Honest to God, I can’t believe I’m still alive!
He wasn’t sure if he said these words aloud or simply thought them, but it didn’t matter.
Tommy started asking a barrage of questions about what he had seen, but Danny felt like he was far away from it all. He didn’t think he could say much even if he wanted to speak. He needed some time to think things through before he said anything to either Tommy or Booger.
He knew now, without a shred of doubt, that there was a dead person up there on the ledge. He also had a pretty good idea who it was.
It had to be Alice, the waitress from the Whistle Stop Cafe.
In the shimmering darkness swirling behind his eyes, Danny tried to piece together what must have happened.
If this really was Alice, then his Uncle Bob had to be involved somehow. Danny wasn’t sure how he knew this, but he remembered how last year, when his uncle had stopped by the house to say good-bye before moving out west, he had seemed edgier than usual. Nervous, even. At the time, Danny guessed it was because he was still upset about his divorce from Margaret, but now he understood that it might have been because of something else entirely.
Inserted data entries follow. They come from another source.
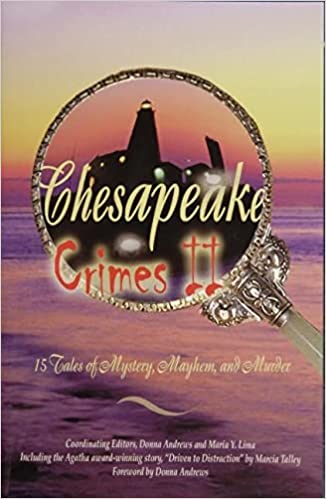 Chesapeake Crimes II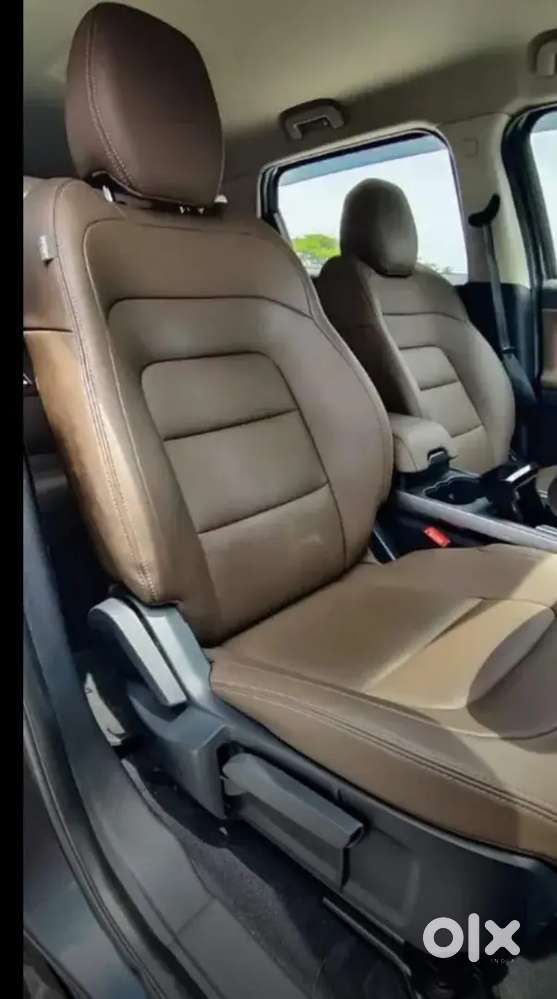 2019 Tata Harrier Diesel Manual Xz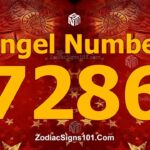 7286 Angel Number Spiritual Meaning And Significance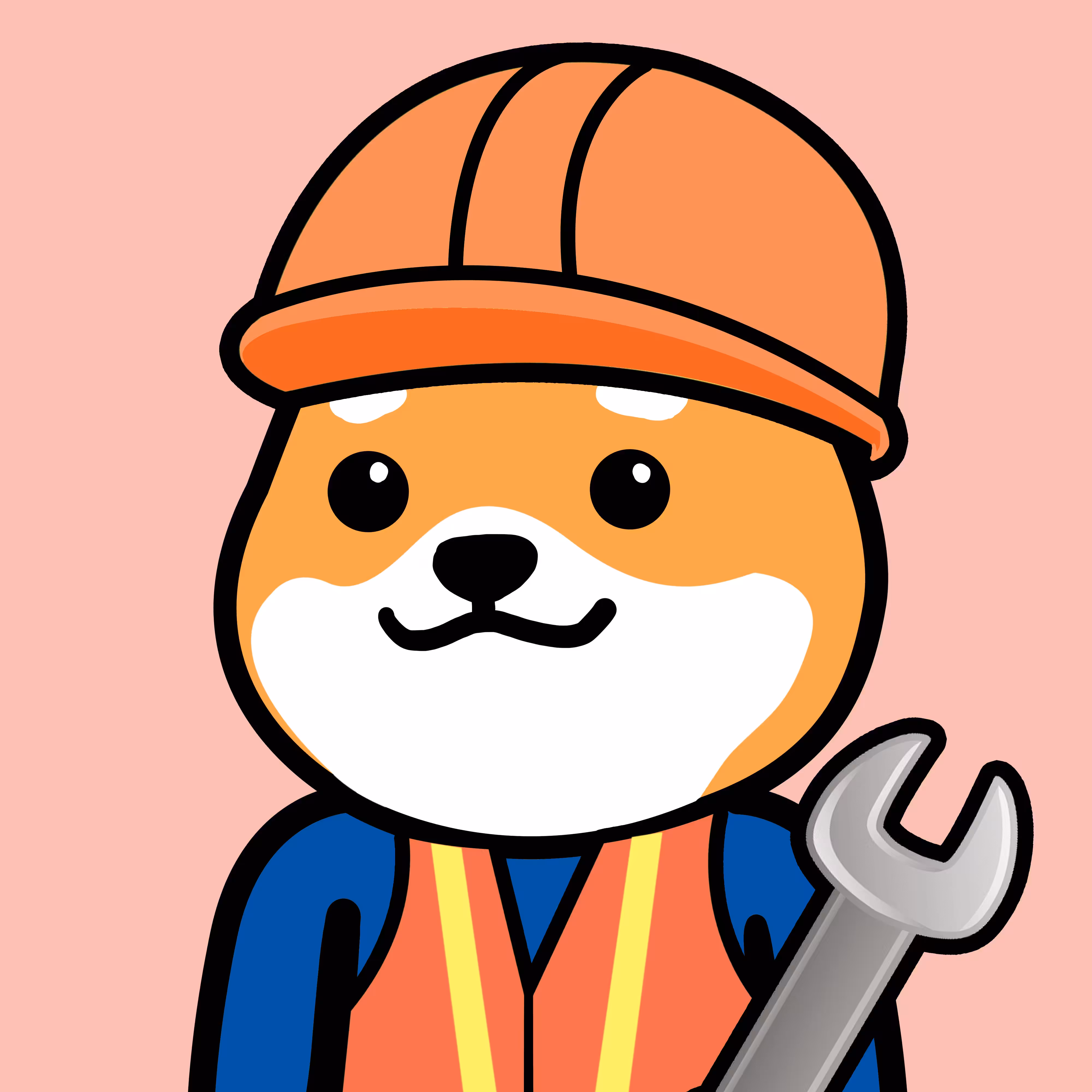 bobo Shiba #085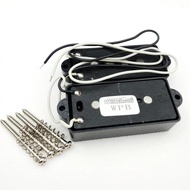 XM-Wilkinson 4 Strings PB electric bass Guitar Pickup four strings P bass alnico 5 pickups WPB Made 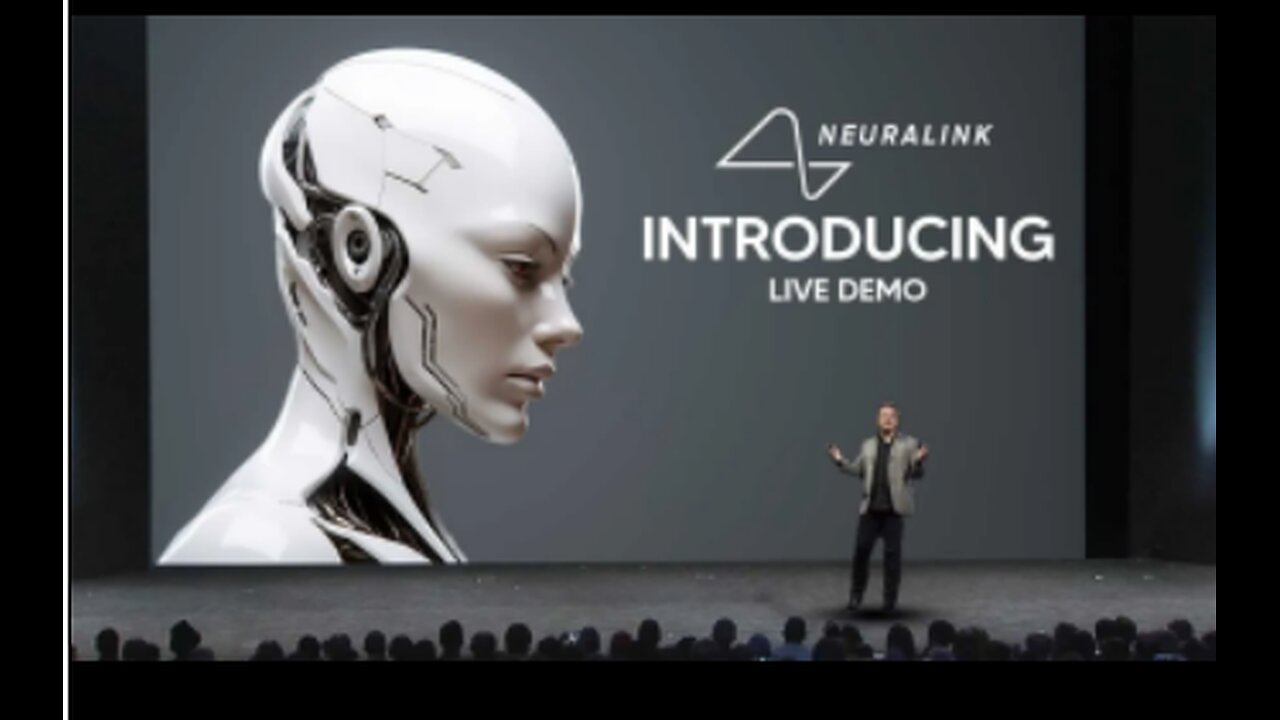 Elon Musk's Neuralink Live Demo Actually SHOCKS The ENITE INDUSTRY! (Elon Musk Neuralink Update!)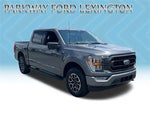2023 F-150 Thumbnail 1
It might have been because his uncle had killed Alice and hidden her body on the narrow ledge below Blood Ledge.
But why? Danny wondered.
Why would Uncle Bob do something like that?
In a flash, he thought of several possibilities.
Maybe they had been arguing about something. Maybe Alice had been badgering Uncle Bob to leave Margaret and marry her. Maybe she was going to have a baby, or maybe she had threatened to reveal their relationship if he didn’t leave his wife, so he had to kill her.
No!
Uncle Bob couldn’t kill anyone.
Could he?
Maybe while they were out here one day they’d been fooling around and Alice had died accidentally or from natural causes. Maybe she jumped off Blood Ledge and banged her head on the rock in the shallows, and she had died, and Uncle Bob didn’t know what else to do, so he hid her body so he wouldn’t be questioned about it and have their relationship made public.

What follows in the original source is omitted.